■ **Work instructions**:
Where a picture appears, omit it; repeat everything else in the records exactly.

■ **Source data**:
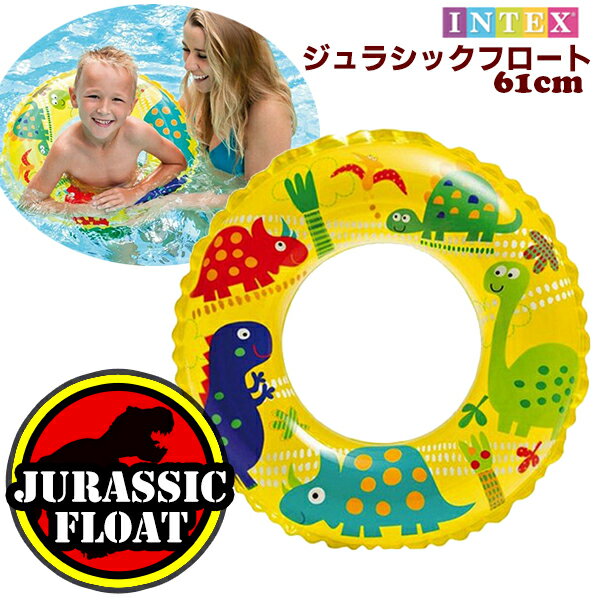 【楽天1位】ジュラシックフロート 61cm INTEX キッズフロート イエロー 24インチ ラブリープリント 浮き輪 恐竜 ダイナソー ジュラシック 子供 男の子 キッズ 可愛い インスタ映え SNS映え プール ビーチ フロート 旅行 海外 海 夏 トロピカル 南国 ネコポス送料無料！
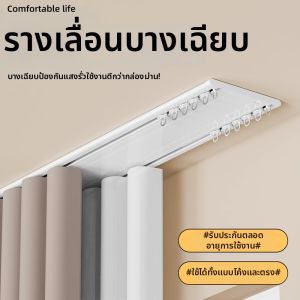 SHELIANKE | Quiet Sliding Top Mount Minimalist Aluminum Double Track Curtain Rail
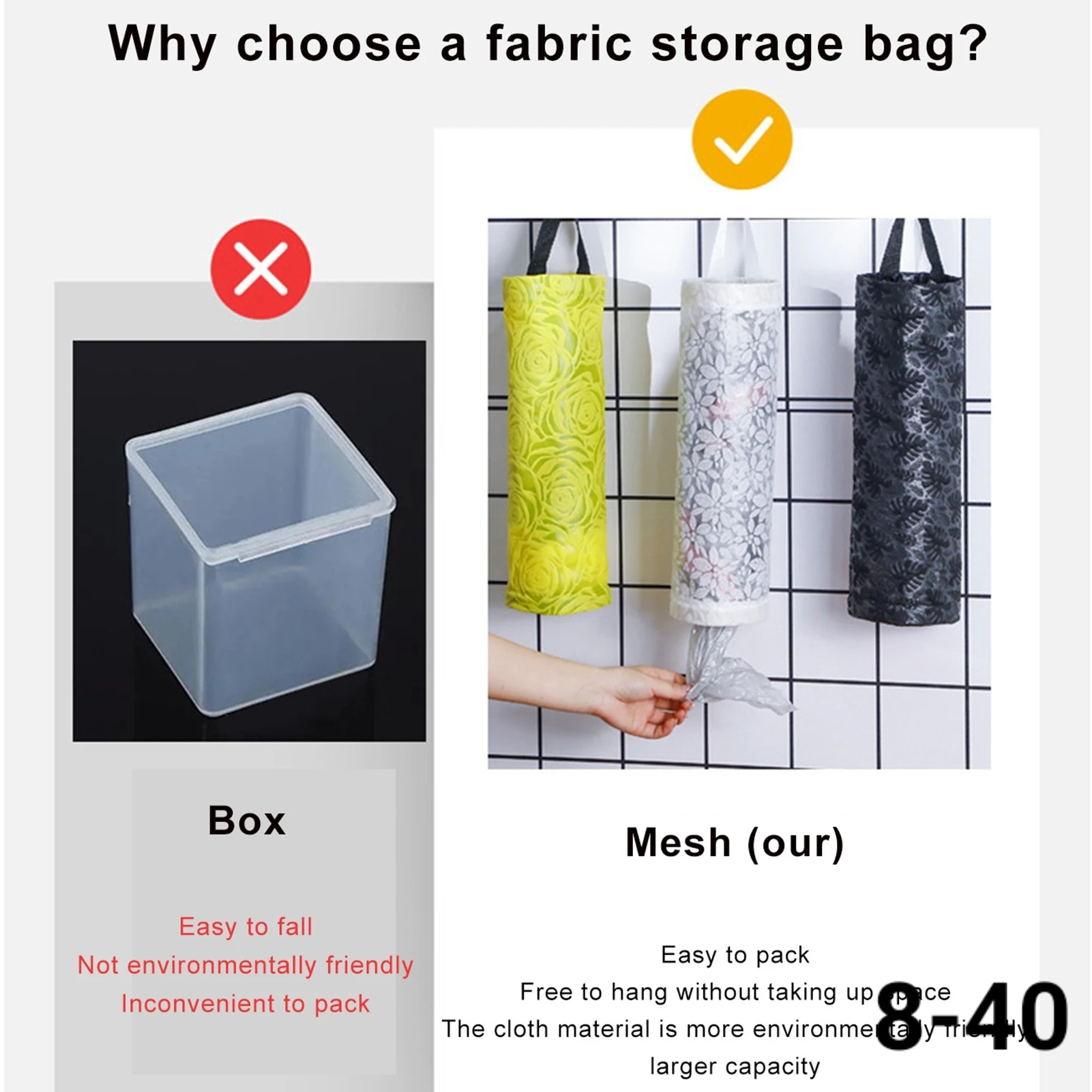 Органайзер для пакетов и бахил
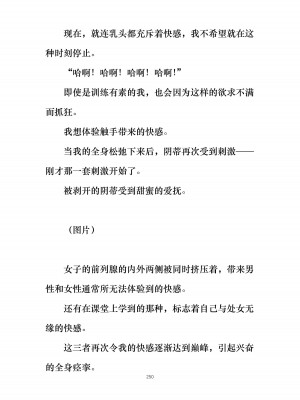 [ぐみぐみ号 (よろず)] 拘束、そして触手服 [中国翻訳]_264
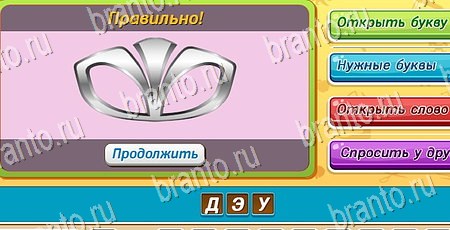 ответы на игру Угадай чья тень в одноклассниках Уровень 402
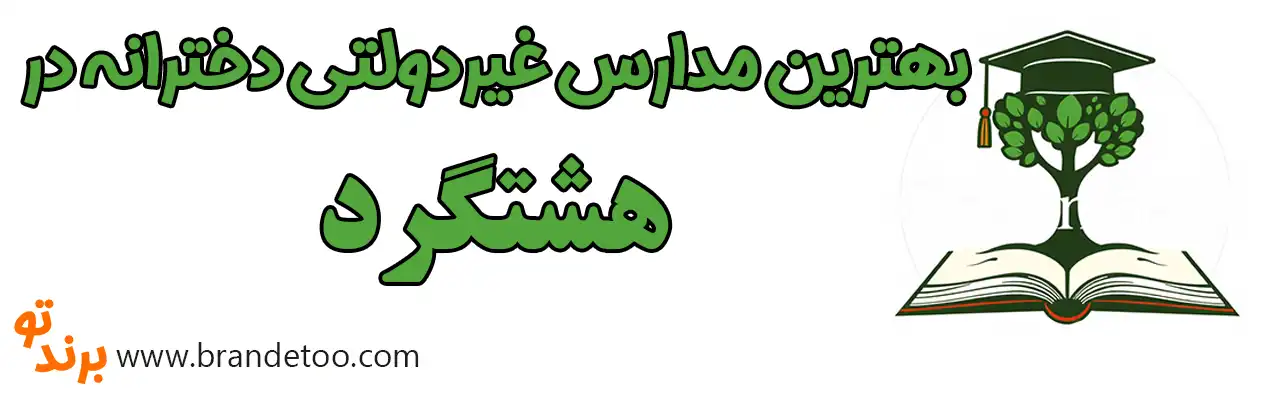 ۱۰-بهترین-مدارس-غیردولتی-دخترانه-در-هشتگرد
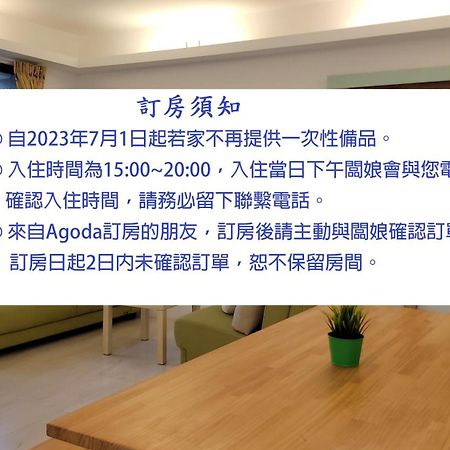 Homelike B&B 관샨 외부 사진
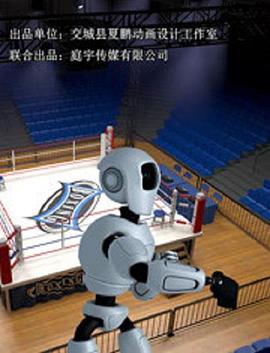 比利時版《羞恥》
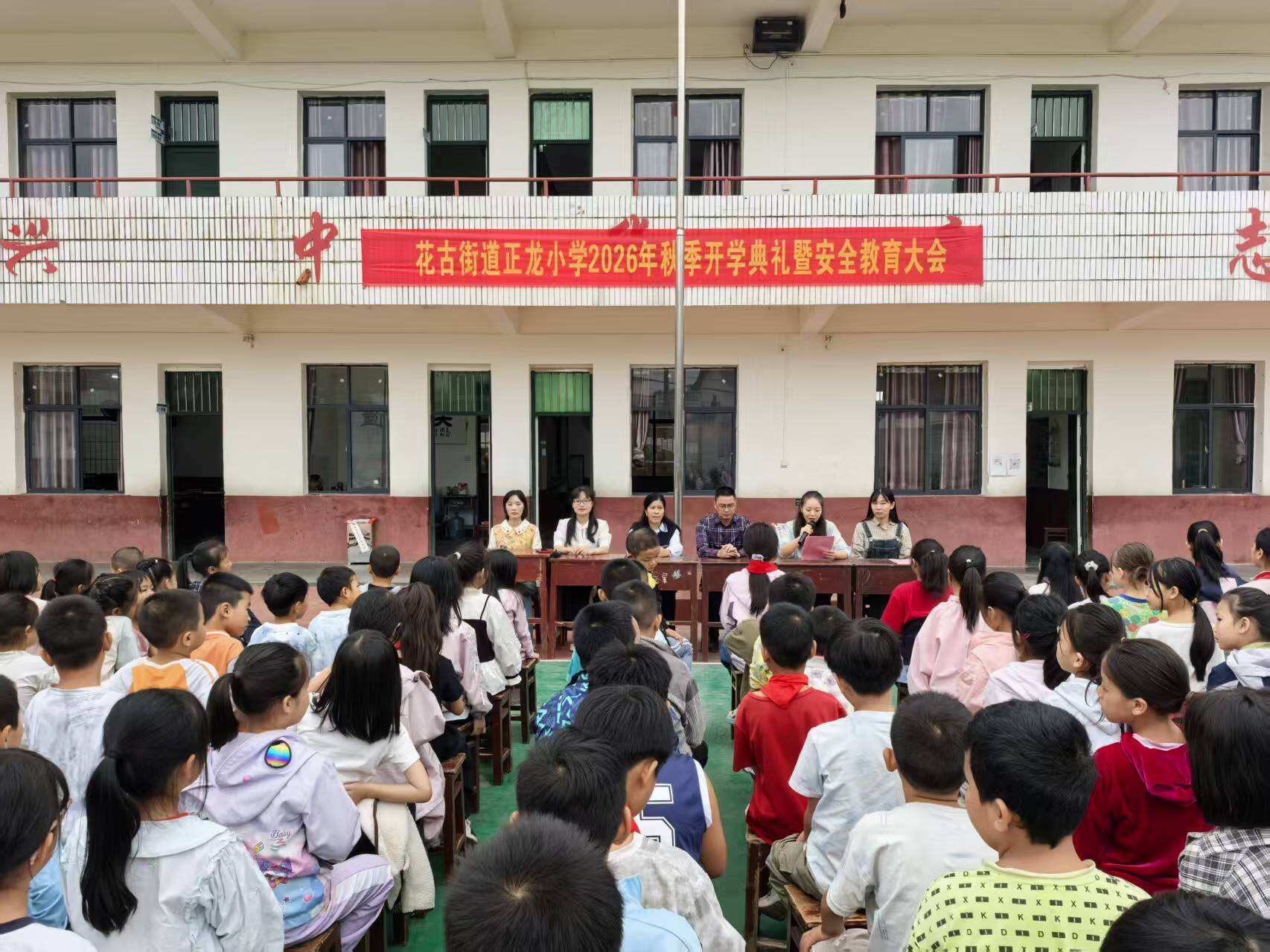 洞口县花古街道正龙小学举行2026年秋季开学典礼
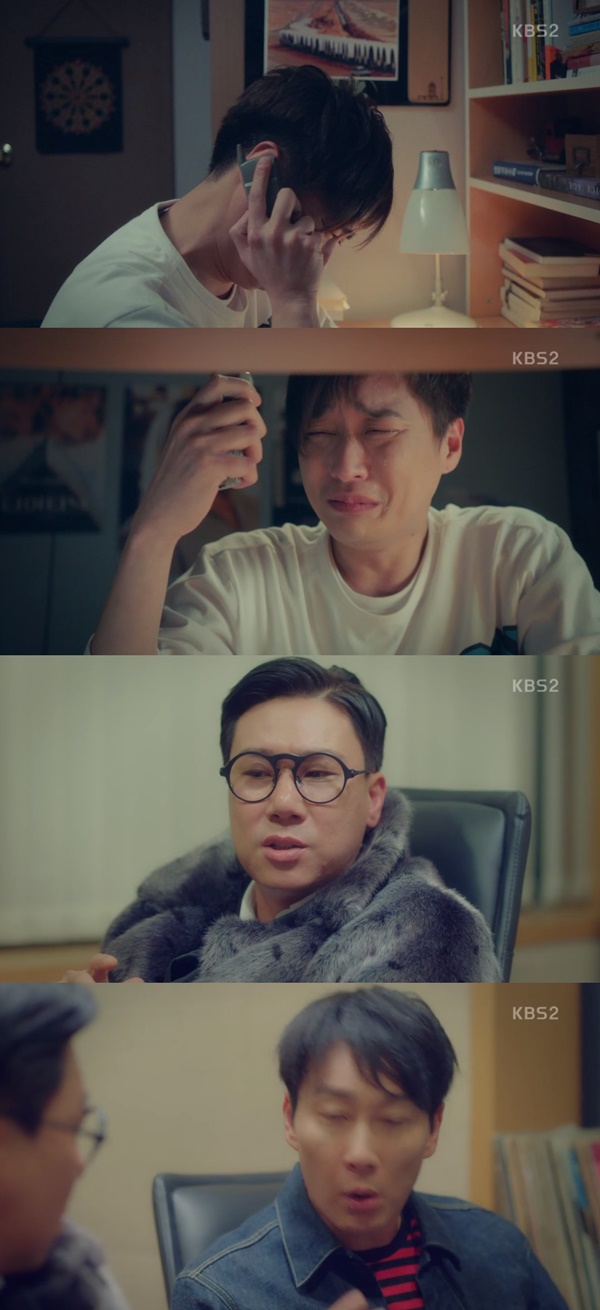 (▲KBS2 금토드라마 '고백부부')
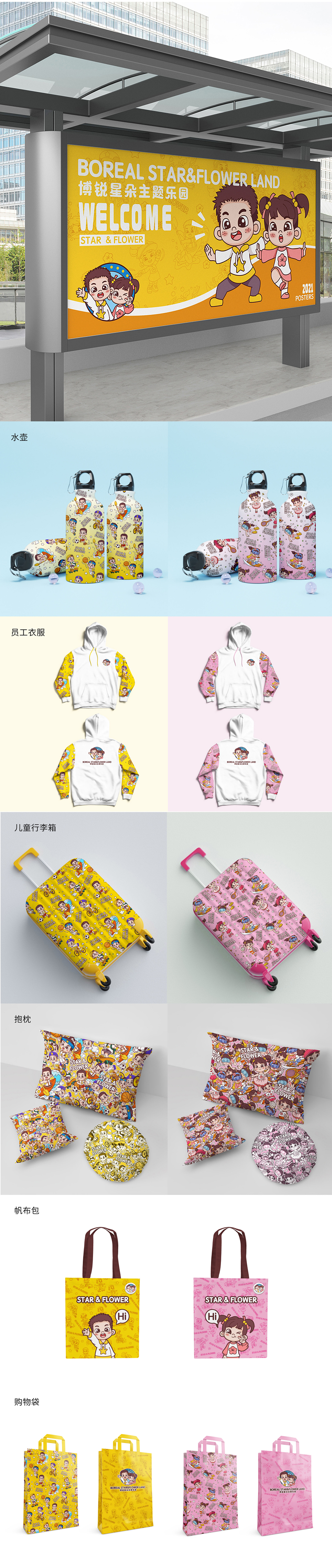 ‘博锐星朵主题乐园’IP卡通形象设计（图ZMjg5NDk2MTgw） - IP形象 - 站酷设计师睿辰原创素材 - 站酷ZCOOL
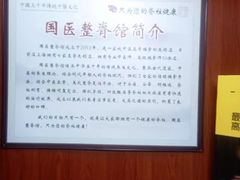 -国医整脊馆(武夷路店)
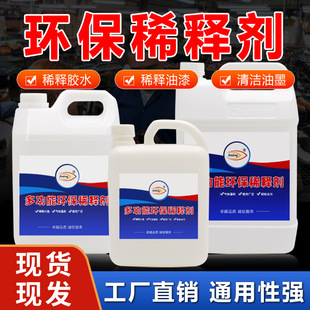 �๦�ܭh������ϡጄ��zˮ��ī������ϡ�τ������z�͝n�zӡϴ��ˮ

■ **Response**:
 【楽天1位】ジュラシックフロート 61cm INTEX キッズフロート イエロー 24インチ ラブリープリント 浮き輪 恐竜 ダイナソー ジュラシック 子供 男の子 キッズ 可愛い インスタ映え SNS映え プール ビーチ フロート 旅行 海外 海 夏 トロピカル 南国 ネコポス送料無料！
 SHELIANKE | Quiet Sliding Top Mount Minimalist Aluminum Double Track Curtain Rail
 Органайзер для пакетов и бахил
 [ぐみぐみ号 (よろず)] 拘束、そして触手服 [中国翻訳]_264
 ответы на игру Угадай чья тень в одноклассниках Уровень 402
 ۱۰-بهترین-مدارس-غیردولتی-دخترانه-در-هشتگرد
 Homelike B&B 관샨 외부 사진
 比利時版《羞恥》
 洞口县花古街道正龙小学举行2026年秋季开学典礼
 (▲KBS2 금토드라마 '고백부부')
 ‘博锐星朵主题乐园’IP卡通形象设计（图ZMjg5NDk2MTgw） - IP形象 - 站酷设计师睿辰原创素材 - 站酷ZCOOL
 -国医整脊馆(武夷路店)
 �๦�ܭh������ϡጄ��zˮ��ī������ϡ�τ������z�͝n�zӡϴ��ˮ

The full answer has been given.